Written during Clyne's tenure as composer-in-residence with the Chicago Symphony Orchestra, Night Ferry was her first large-scale work for full orchestra. It received the endorsement of music director Riccardo Muti whose performance was subsequently issued on the orchestra's in-house label. As Richard Whitehouse comments in Gramophone, “Muti was doubtless attracted to music whose virtuosity tests even an outfit of the CSO's abilities yet whose intricacies are never at the expense of sonic allure or visceral immediacy”. As far as I am concerned, I think that “sonic allure” and “visceral immediacy” aptly describe Anna Clyne's music. Again, the background of the work is to be found in some extra-musical stimuli. The work was commissioned by the Chicago Symphony Orchestra to be performed alongside music by Schubert. It is well known that Schubert suffered from cyclothymia characterised by violent mood swings and bouts of manic creativity. Reflecting this, “Clyne wrote a piece about stormy voyages in space and of the mind” (Corinna Fonseca-Wohlheim in her insert notes). The piece opens as an agitated stormy seascape forcefully swelling up and down punctuated by often strident brass and percussive assaults momentarily pausing in a section of insistent basses and pounding drums. Eventually, as in This Midnight Hour, the music seems willing to settle into a peaceful - though ambiguous - chorale. The title of the piece comes from Seamus Heaney's Elegy for Robert Lowell who also suffered from manic depression:

“You were our Night Ferry/thudding in a big sea...” Night Ferry is yet another powerful score and a splendid example of Anne Clyne's imaginative and ear-catching music. In <<rewind<<, the music rarely pauses and is propelled with almost unstoppable energy. It again contrasts low and high registers (which seems to be one of Clyne's hallmarks) in an unrelenting pulsation till the music's pace briefly slows down before resuming its implacable rush forward.
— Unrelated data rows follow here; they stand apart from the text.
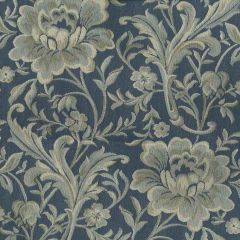 ABBEYSHEA Dynasty 305 Lapis Indoor Upholstery Fabric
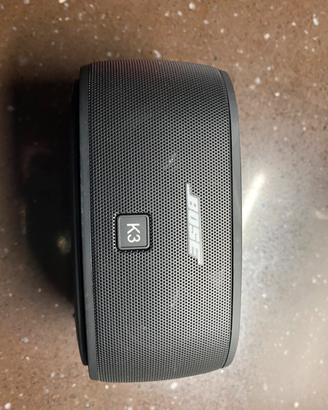 Cassa altoparlante portatile Bose Ke3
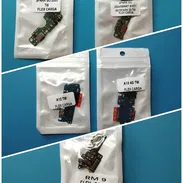 Régimen de Carga ( Puertos de Carga) para Samsung, Xiaomi, Tecno, iPhone. - Img 45596263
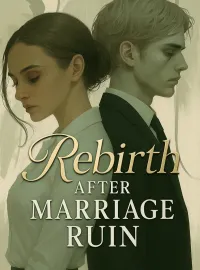 Rebirth After Marriage Ruin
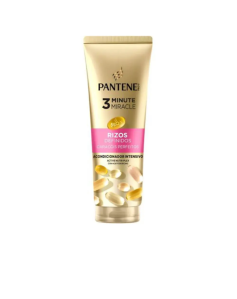 Pantene Miracle 3 Minute...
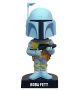 Star Wars Boba Fett Holiday Special Bobble-Head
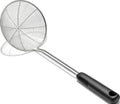 Good Grips Stainless Steel Spider Scoop & Strain Skimmer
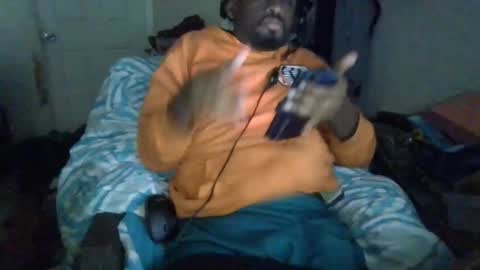 rocker n queen online show from January 26, 4:20 pm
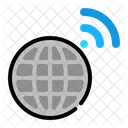 Internet  Icon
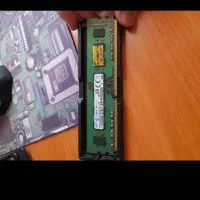 فروش یک عدد رم کامپیوتر ۸ سامسونگ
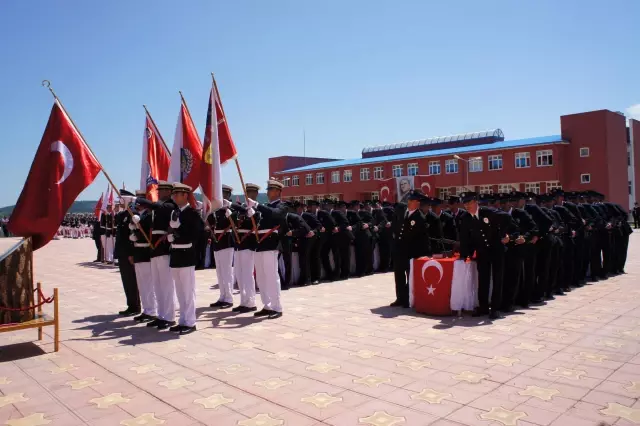 Kastamonu Pmyo, Yeni Binasında İlk Mezunlarını Verdi - Haber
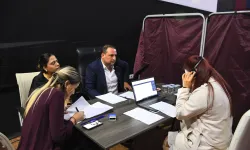 Demir: Kimseyi kayırmadık, liyakat ön planda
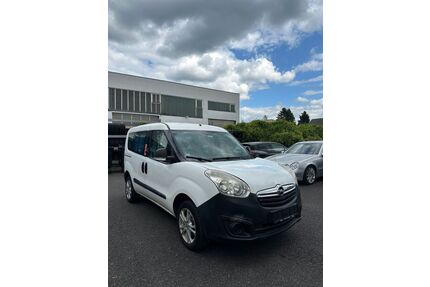 Opel Combo Gebrauchtwagen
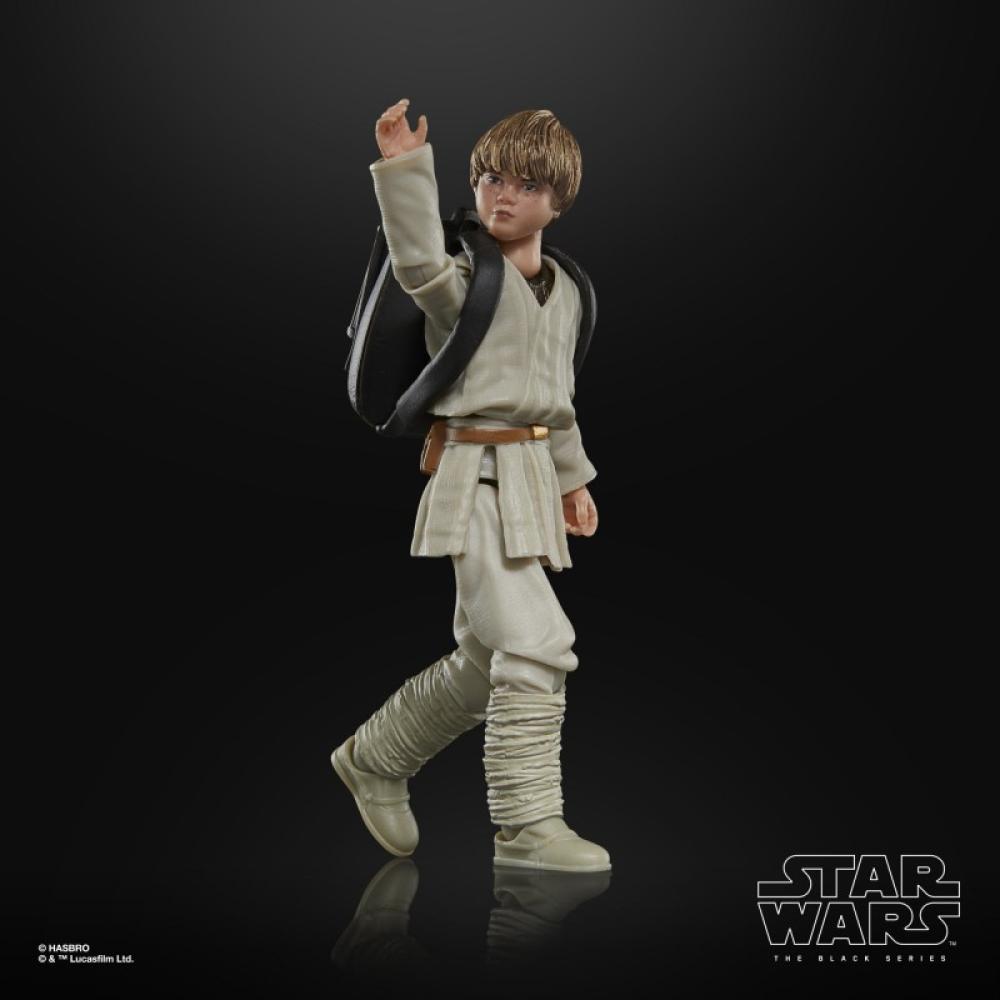 Hasbro - Star Wars Anakin Skywalker - G00265X2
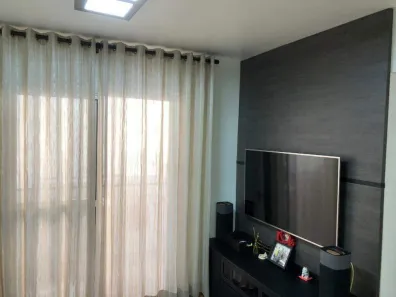 Apartamento com 2 Quartos à venda, 62m² no Vila Floresta, Santo André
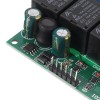 IO25D04 Flip-Flop Latch Relay Module Bistable Self-locking Electronic Switch Low Pulse Trigger Board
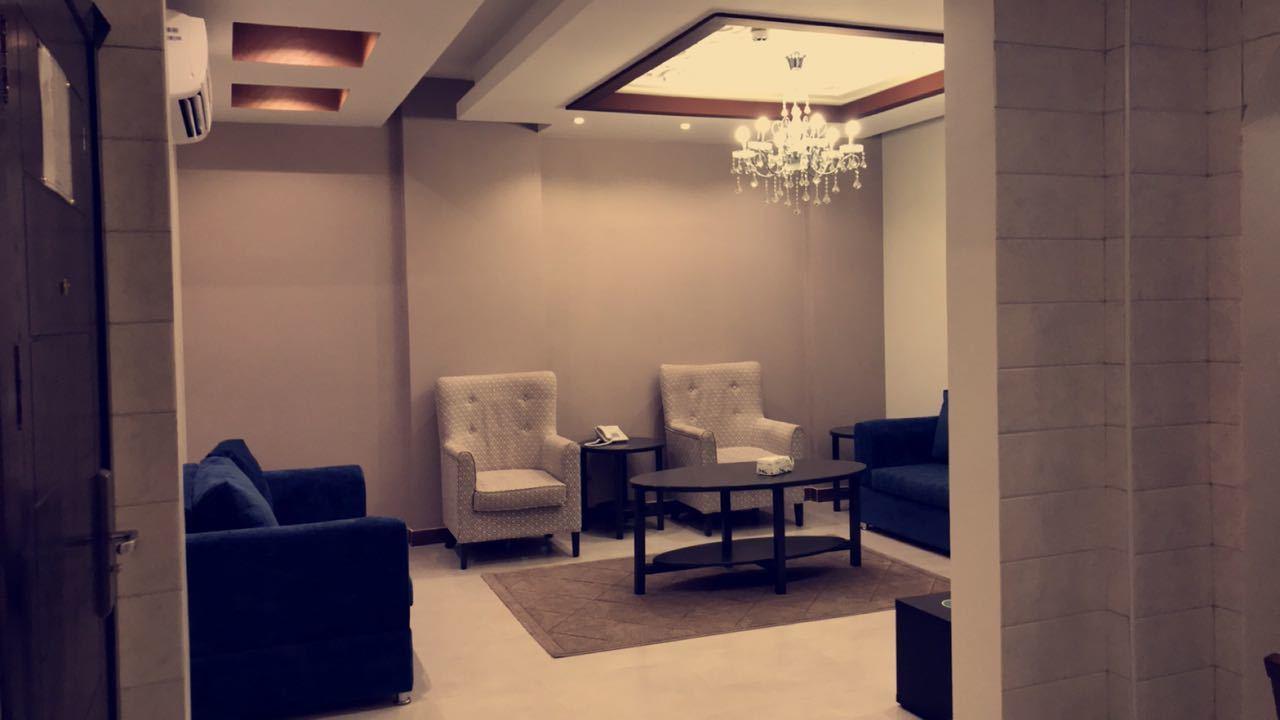 مساس الخليج Mesas Gulf وحدات سكنية Hotel Dammam Bagian luar foto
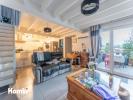 Vente Appartement Villenave-d'ornon  33140 4 pieces 96 m2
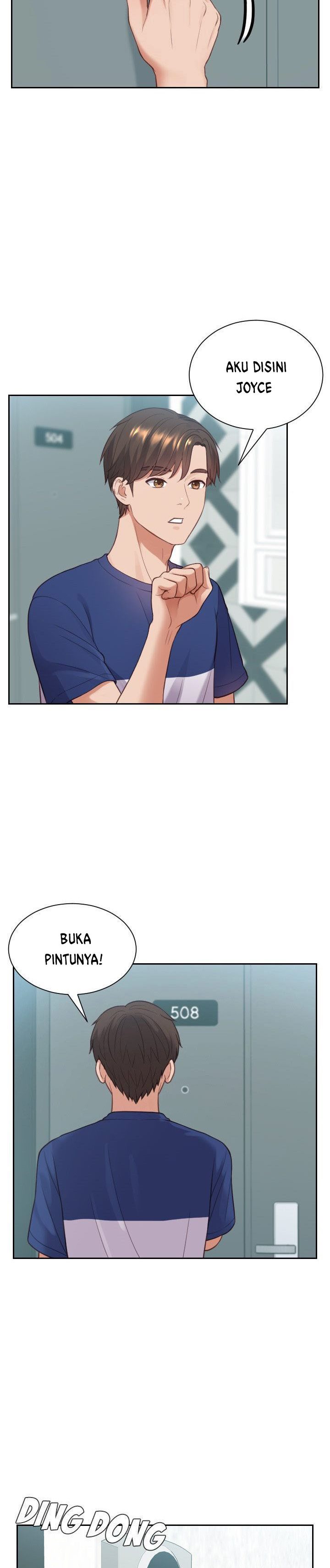 Her Situation - Chapter 15 4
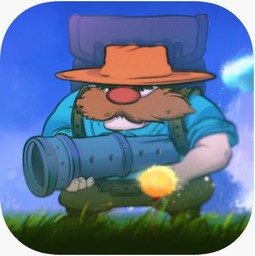 口袋王国太空版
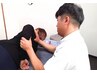 【９月限定３名様】残り２名　肩甲骨アップ　美容整体初回　8800円⇒2980円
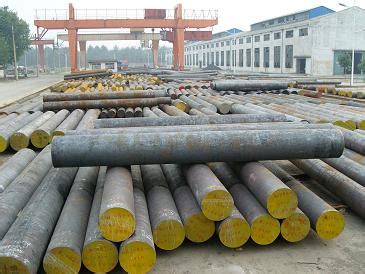 军工钢-上海召铁金属材料有限公司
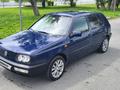 Volkswagen Golf 1992 года за 1 100 000 тг. в Семей
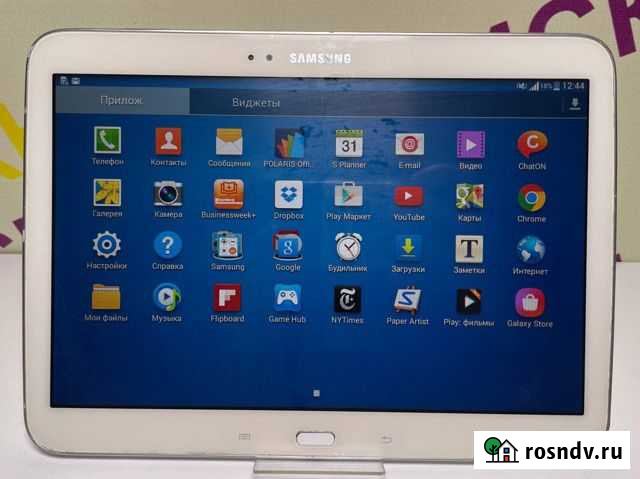 Galaxy tab3 Дзержинск - изображение 1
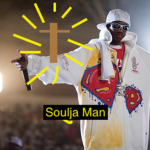 Soulja Boy fan club the second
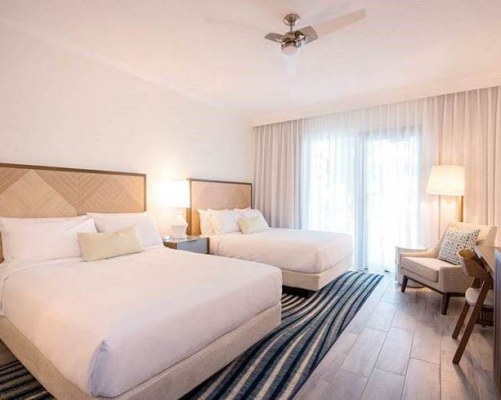Hawks Cay Resort - 3 Nights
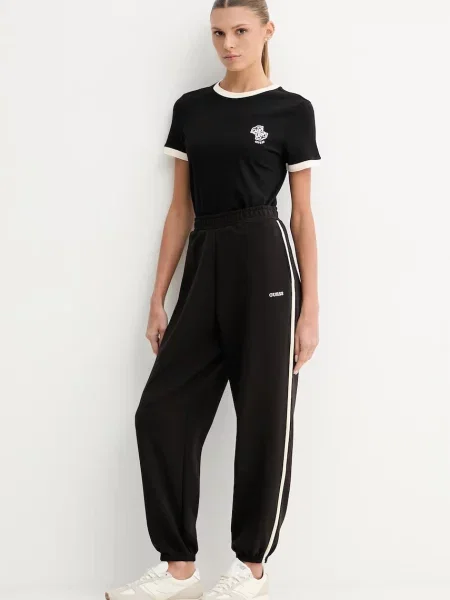 Спортивные штаны Guess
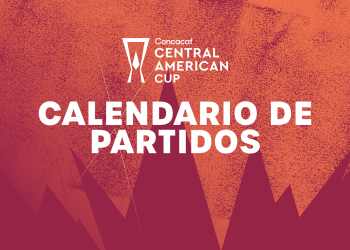 Cómo quedaron los grupos de la Copa Centroamericana 2024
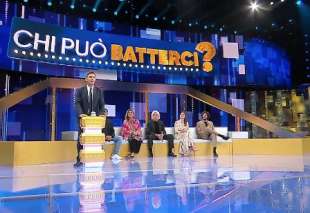 chi puo batterci? 6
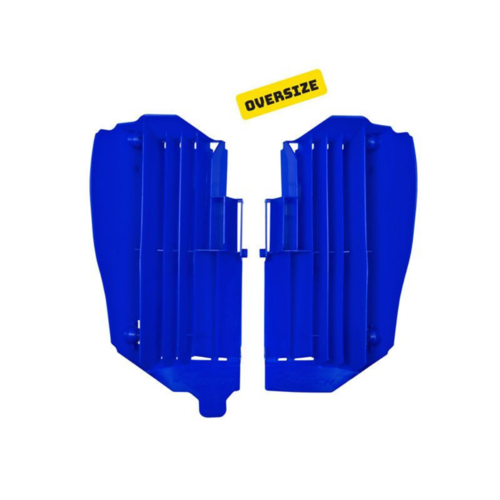 Rtech Yamaha Oversized Radiator Louvers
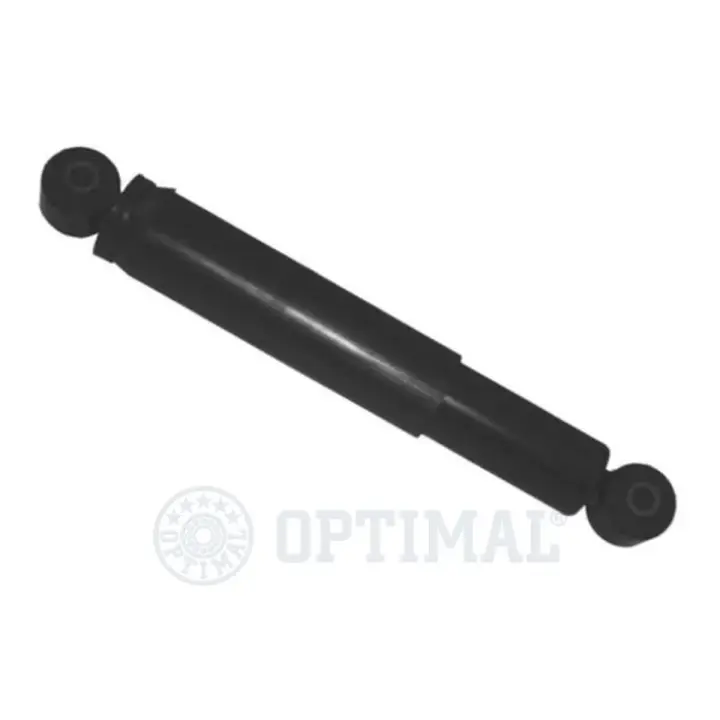 Задній амортизатор (стойка) OPTIMAL A-2107H (фото 1)
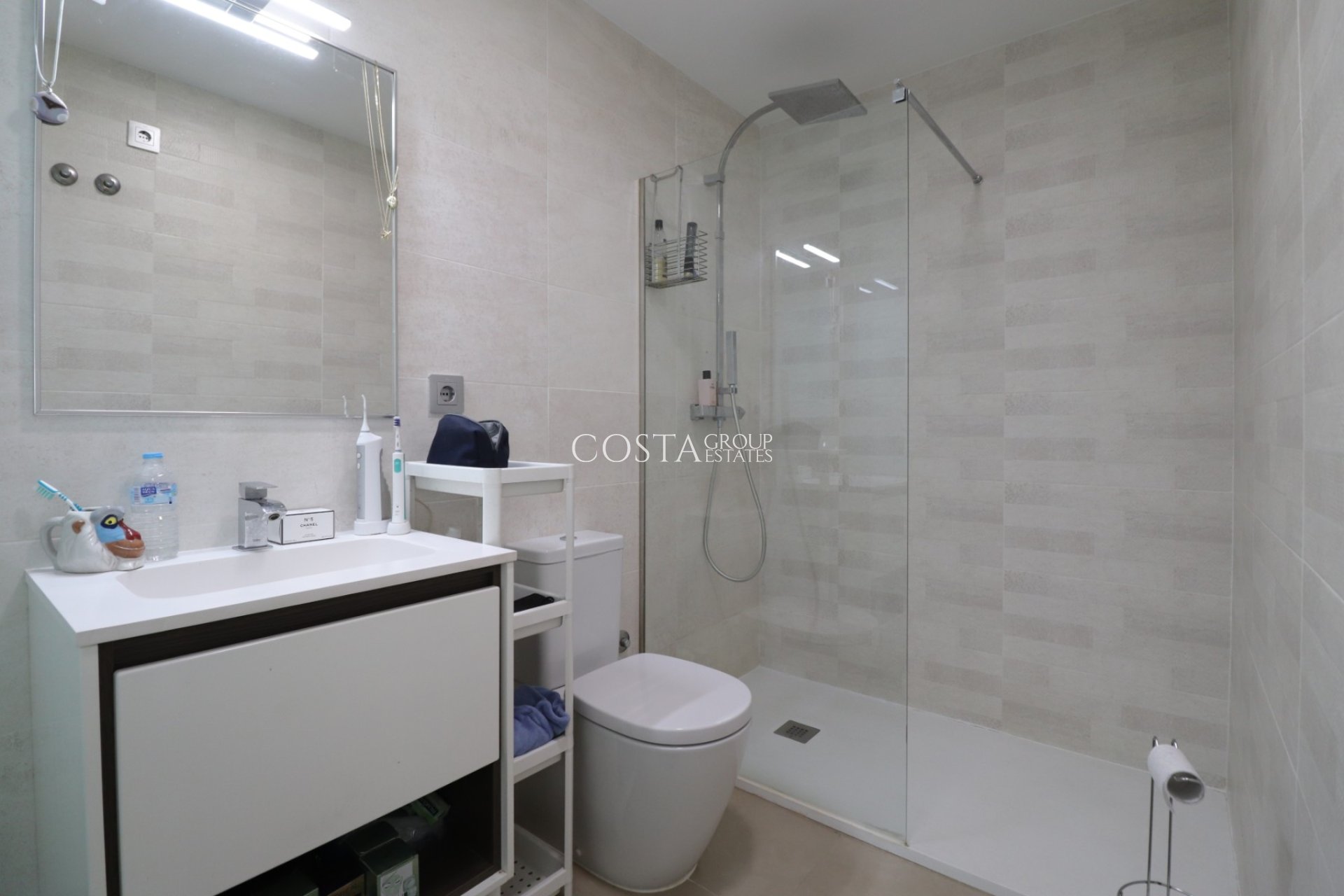 Resale - Apartments -
Los Montesinos - Entre Naranjos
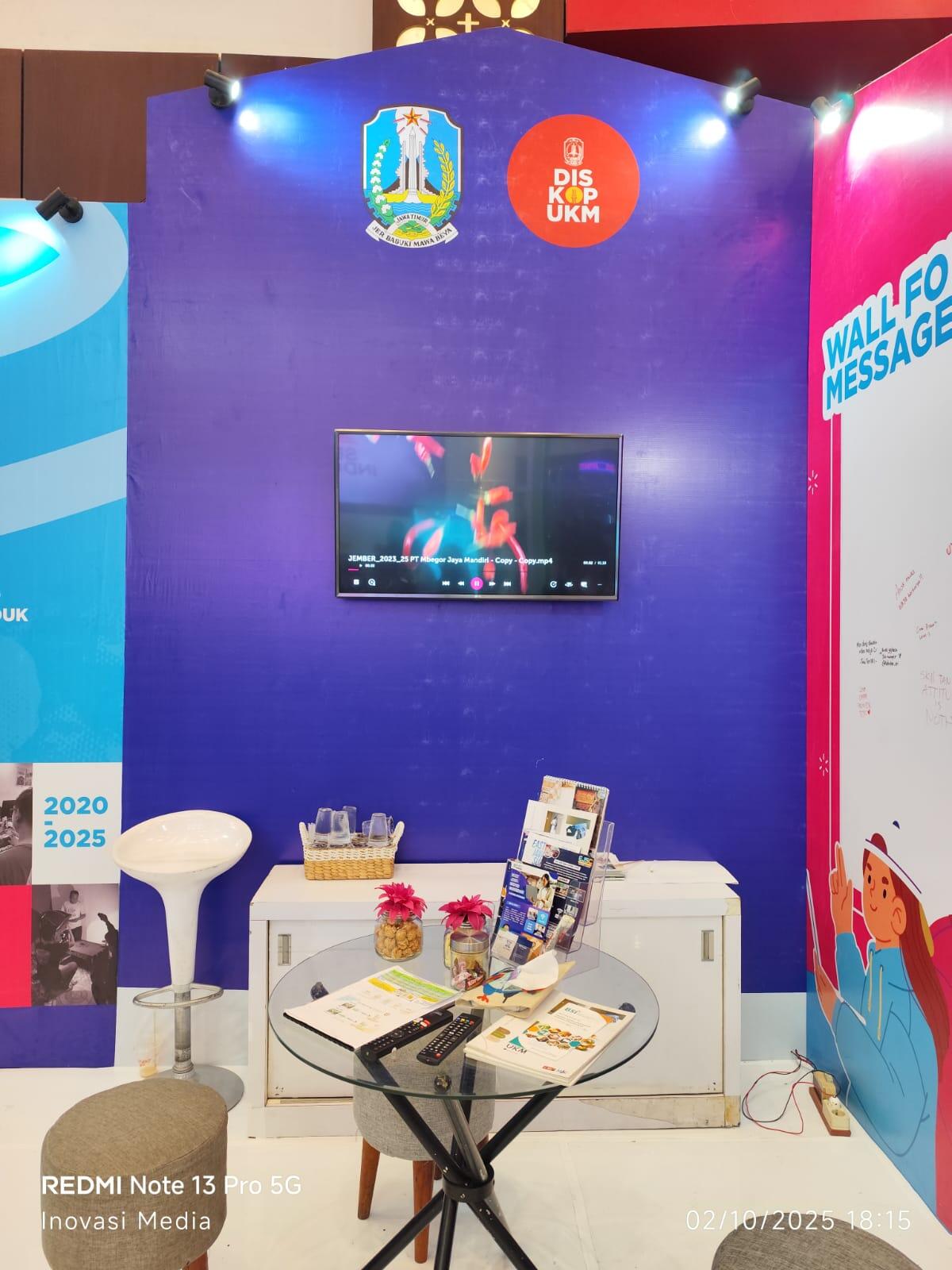 Rental TV Surabaya 32 43 50 55 65 inci Profesional & Terbaik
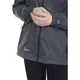 Unisex skládací bunda Trespass Qikpac Jacket - Sasparilla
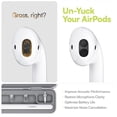 thumbnail image 4 of Kit de limpieza KeyBudz Air Care 2.0 multiherramienta para AirPods, 4 of 7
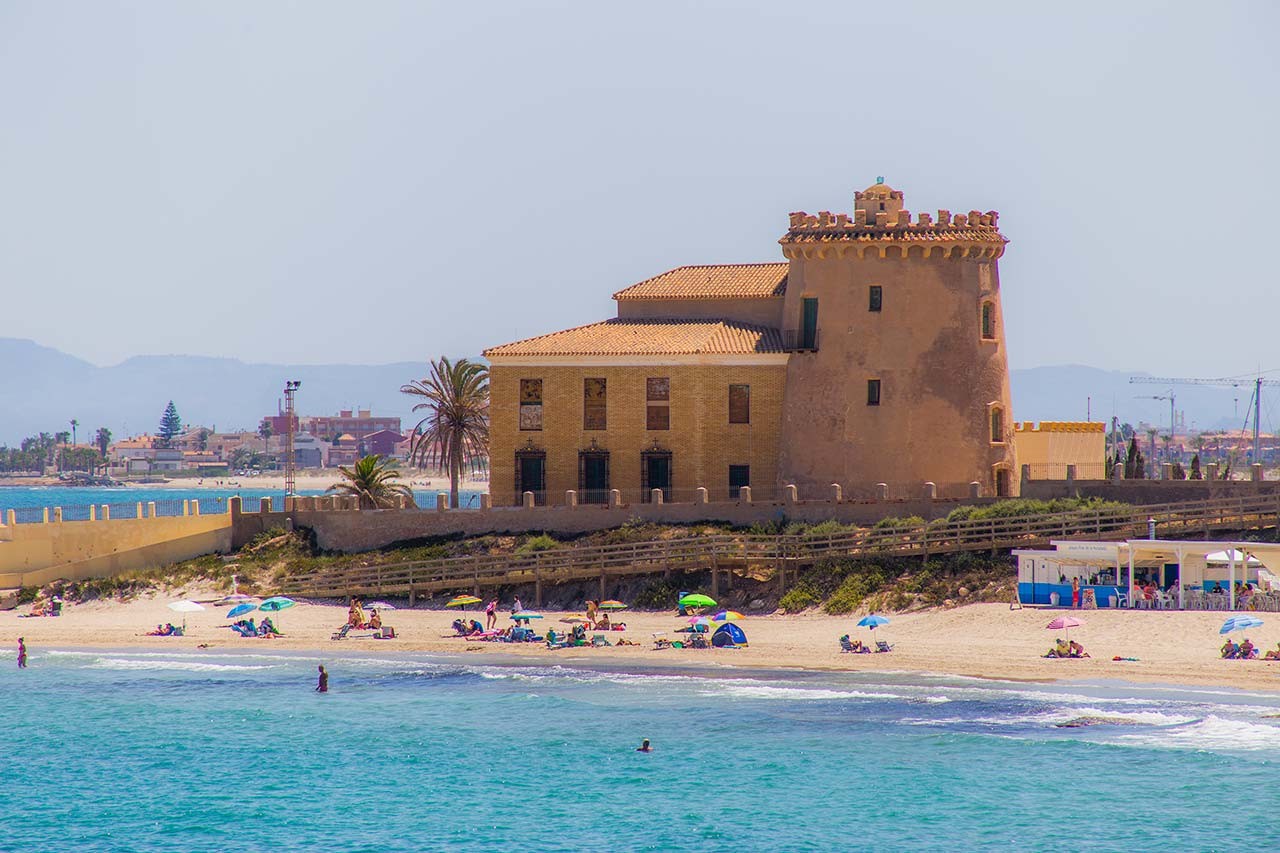 Appartamenti a Pilar de la Horadada, Spagna, 77 m² - foto 9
These superb works receive committed readings from all concerned and, besides singling out the BBC Symphony Orchestra playing at its customary best, I would like to draw attention to Jennifer Koh's impressive take on the violin part in The Seamstress, one of the gems in this collection. I hope that many will derive as much musical pleasure from this very fine release as I have, and that it will not take too long before more of Clyne's orchestral music is committed to disc.